I am converting a text file into netCDF format. I am reading the data from text file into a dataframe in which two of the columns are latitude_GPS and longitude_GPS. Input looks like:
latitude_GPS, longitude_GPS
7537.4536, 3558.4985
7672.1534, 3214.9532
They are measured in ddmm.ssss units which means if we have value like 7537.4536, here '75' is degrees, '37' is minutes and '4536' is seconds. I want to convert them into degree decimal except for the missing values which have a value of 999.0
My current code looks like this:
header_rows = 1
df = pd.read_csv(args.input_file, delim_whitespace=True, skiprows=header_rows, skip_blank_lines=True, names = column_names)

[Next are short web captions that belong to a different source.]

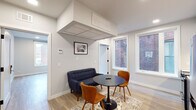 This single-floor unit showcases a clean, modern design with light hardwood-style flooring and crisp white walls that flow consistently throughout the space. The open floor plan, visible in the 3D layout, arranges the kitchen, living area, bedroom, and bathroom in a compact yet functional configuration.

The living area is anchored by large windows that frame views of neighboring brick architecture, filling the room with natural light. A wall-mounted television, framed wall art, and a coffered ceiling detail above the seating area add character and visual interest. The space comfortably accommodates a small sofa and a round dining table with chairs.

The kitchen is well-appointed with two-tone cabinetry — white upper cabinets and grey lower units — complemented by a white tile backsplash, white countertops, and stainless steel appliances including a range, microwave, dishwasher, and refrigerator. Under-cabinet lighting adds a polished finishing touch.

A separate bedroom benefits from a tall, narrow window offering urban views of the surrounding brick buildings, providing natural light while maintaining privacy.

The bathroom features a large walk-in shower enclosed by a sliding glass door with sleek matte black hardware, paired with a light wood vanity and dark tile flooring for a contemporary contrast.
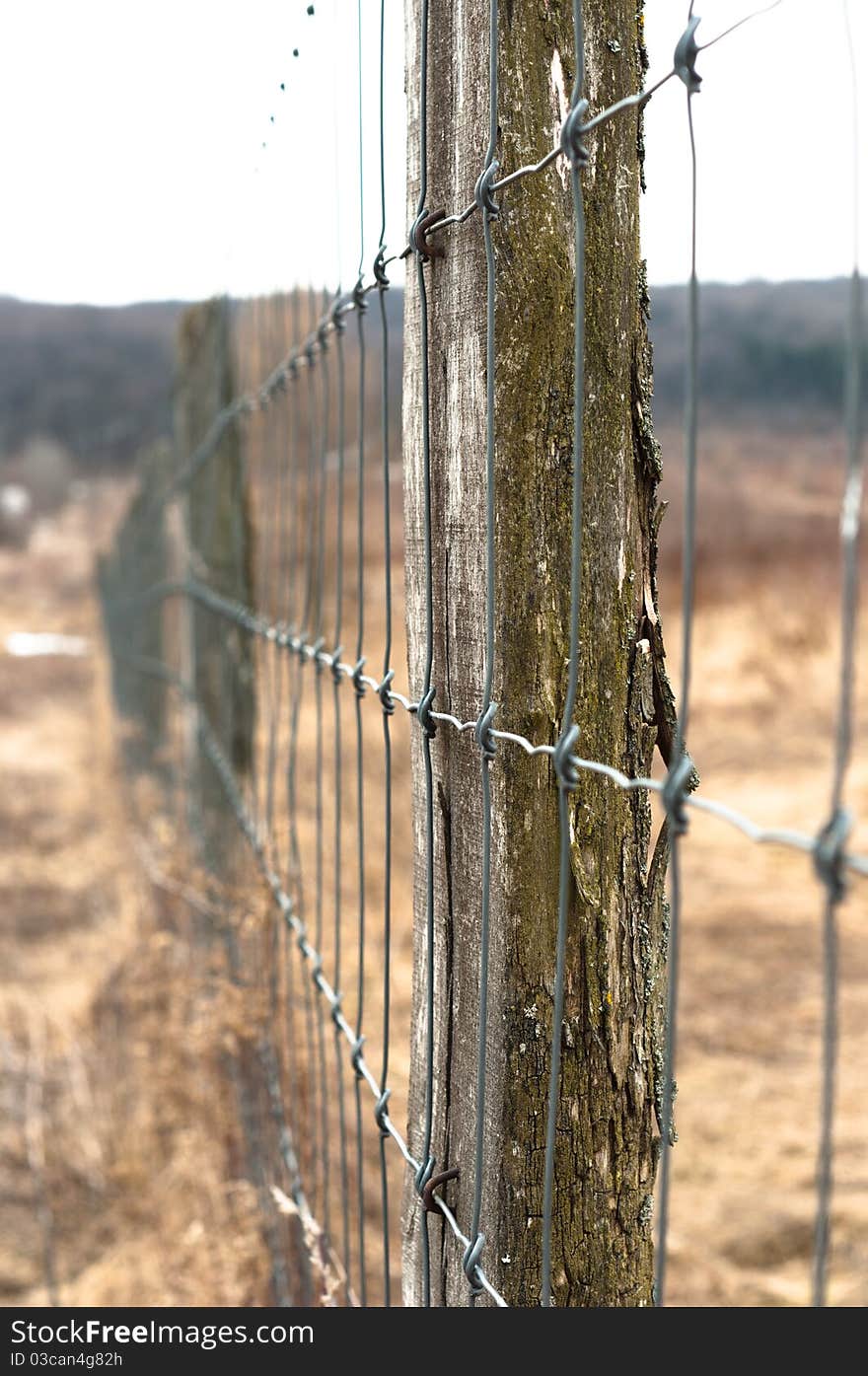 Wooden fence with metal netbarbed wire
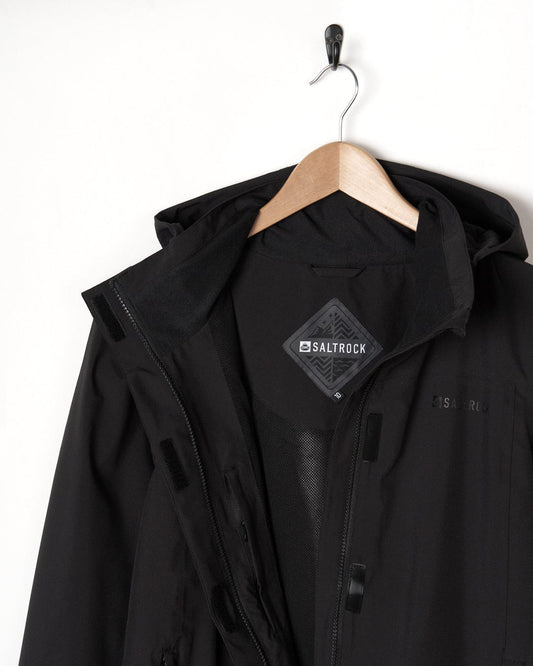 A black waterproof Saltrock Aubrey jacket hanging on a wooden hanger against a white background, showing the front view with zippers and hood.
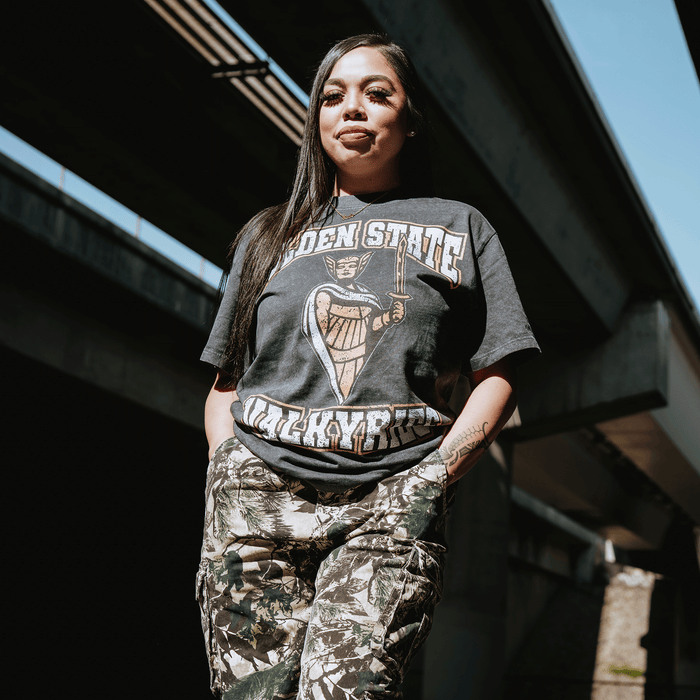 A woman with long dark hair stands confidently under a sunlit bridge, wearing the GSV Golden State Valkyries Guardian Stone Wash Heavy Tee and camouflage pants. Blue sky and shadows appear in the background.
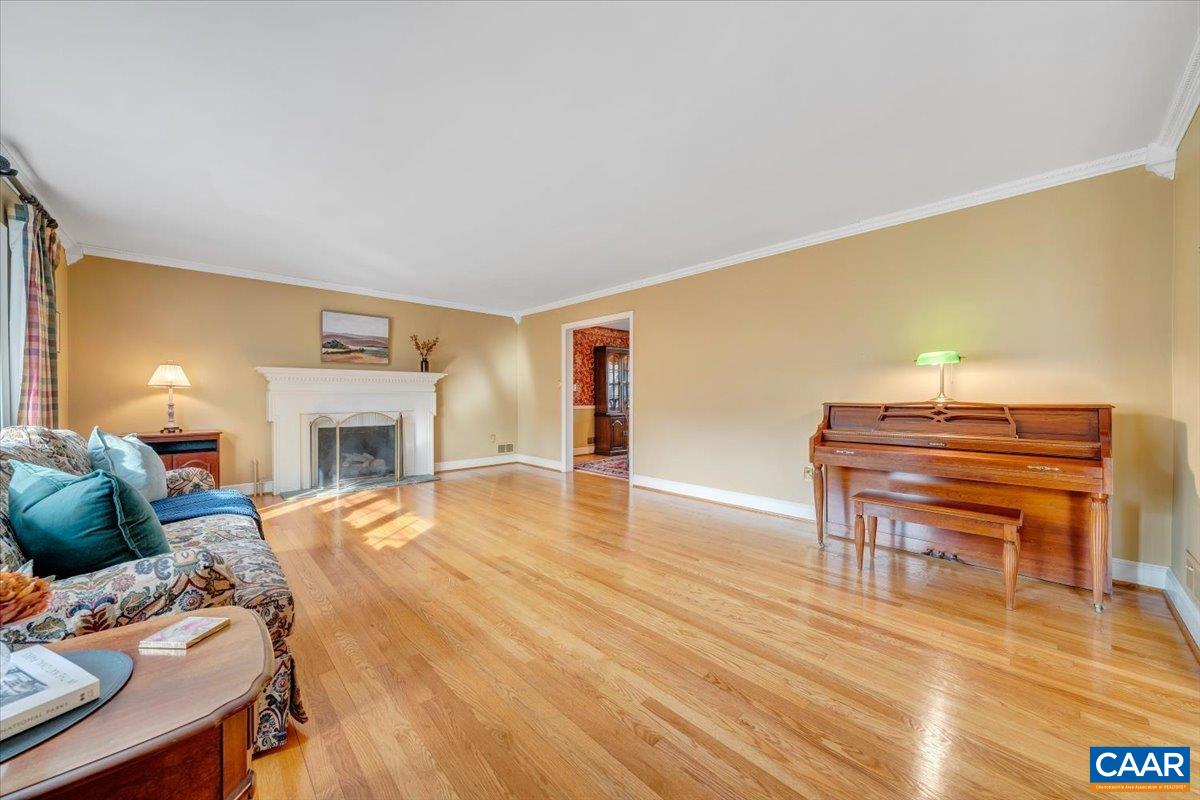 3558 Hartland Road Southwest Roanoke, VA 24015 - Photo 9 of 73 a living room with furniture a fireplace and a piano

num_rows = sum(1 for line in open(args.input_file) if len(line.strip()) != 0) - header_rows
def lat_lon_gps(col_index):
return ((int(col_index)/100) + round((int(col_index%100))/60, 4) + round(round(col_index%1, 4)/3600, 4))
check_na = 999.0
i = 0
while i < num_rows:
if df['latitude_GPS'][i] != check_na:
df['latitude_GPS'][i] = lat_lon_gps(df['latitude_GPS'][i])
if df['longitude_GPS'][i] != check_na:
df['longitude_GPS'][i] = lat_lon_gps(df['longitude_GPS'][i])
The return part calculates (75 + 37/60 + 4536/3600). The above code returns what I want but it takes around 50 minutes to run this part of code for a file having 10000 rows. Is there a faster way to do it. Any thoughts would be appreciated.
The problem is that you are iterating over every row. You should take advantage of vectorisation provided by pandas and numpy.
For example:
import numpy as np
import pandas as pd
df = pd.read_csv(args.input_file,
names=['latitude_GPS','longitude_GPS'],
skiprows=1)
check_na = 999.0
def lat_lon_gps(coords):
deg = np.floor(coords / 100)
minutes = np.floor(((coords / 100) - deg) * 100)
seconds = (((coords / 100) - deg) * 100 - minutes) * 100
return deg + minutes / 60 + seconds / 3600
# Exclude NAs
logic = df.latitude_GPS != check_na
df = df[logic]
df.latitude_GPS = lat_lon_gps(df.latitude_GPS)
df.longitude_GPS = lat_lon_gps(df.longitude_GPS)